Таинственные всадники во плоти и крови скачут поздним часом, направляясь к окраинам, по окрестным дорогам. И пробуждается охваченное унынием селение, обнаружив кровавые следы, будто волком или койотом оставленные на всех скамьях, по всем стенам, на всех дверях и окнах, — и обитатели чувствуют себя как бы соучастниками ночного разбоя. С будущей жизнью зарождается и будущая месть, чреватая смертью. В селении нет ничего страшнее, чем боль от запятнанной чести: любые терзания, любые беды, любые пытки — только не это! Трудно, немыслимо примириться с тем, что случилось! В механизме, созданном родителями, навсегда лопается наиболее чувствительная пружинка, и хотя это зло поправимое, но и поспешное бракосочетание, и нежеланные внуки — всего лишь горькие плоды насильно и преждевременно сорванные. Покорное смирение перед происшедшим крайне редко — чаще беспощадное отмщение либо непоколебимое пожизненное отречение от дочеpu, поддавшейся искусу, от ненавистного зятя, от чужих внуков, — и упаси бог того, кто хотел бы сохранить дружбу с оскорбленным, упомянуть о них в его присутствии.

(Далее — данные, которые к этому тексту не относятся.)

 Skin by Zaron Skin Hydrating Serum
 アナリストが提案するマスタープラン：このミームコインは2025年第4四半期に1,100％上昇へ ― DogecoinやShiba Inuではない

Пусть сватовство произведено по всей форме, пусть переговоры велись осмотрительно, с величайшим почтением и должным образом скрывались собственные чувства, пусть сам священник просил дать согласие на брак, а сватами выступали влиятельные соседи, — все равно это, как пагубная молния, поражает родительскую душу, заставляет рыдать всю семью, несет горе в дом., разжигает злобу братьев и подвергает виновного опасности, сколь бы завидным этот брак ни казался, каких бы выгод он ни обещал. Невеста — трепещущая былинка, терпит от всех, она — громоотвод всеобщего презрения и оскорбительных выпадов, — как восславит она семью, если уступит родителям и вовремя раскается! Но ежели закоснела в упорстве, то без кровинки в лице прибудет она в приходскую церковь на заре, предназначенной для брачной церемонии, и даже не осмелится взглянуть на того, кто вручит ей по обычаю перед венчанием тринадцать монет и наденет на палец обручальное кольцо. Сколько стыда в первые дни! Поневоле не захочет выйти с мужем даже в храм. Сколь ощутим ее позор — она скоро станет матерью; она — мишень пристальных взглядов, тайных перешептываний, сплетен! Какой голгофой предстает брак перед традиционно враждебным, отчуждением со стороны окружающих. В первые месяцы после свадьбы мужчины также чувствуют себя меченными, заклейменными чьей-то неизвестной рукой, чьими-то коварными взглядами, преднамеренными недомолвками — и избегают говорить о своих семейных радостях и заботах, о своих женах, словно воры, прячущие награбленное. Девушки, встречаясь с ними на улице, обмирают от сладостной дрожи, поскольку не раз слышали о новобрачных что-то непонятное, пугающее, что делает их ненавистными, ужасными, но вместе с тем девушек влечет к ним, вопреки всем страхам; а парни — как хотели бы они потолковать с молодыми мужьями, да стыд удерживает и отделяет их от бывших товарищей по играм и похождениям.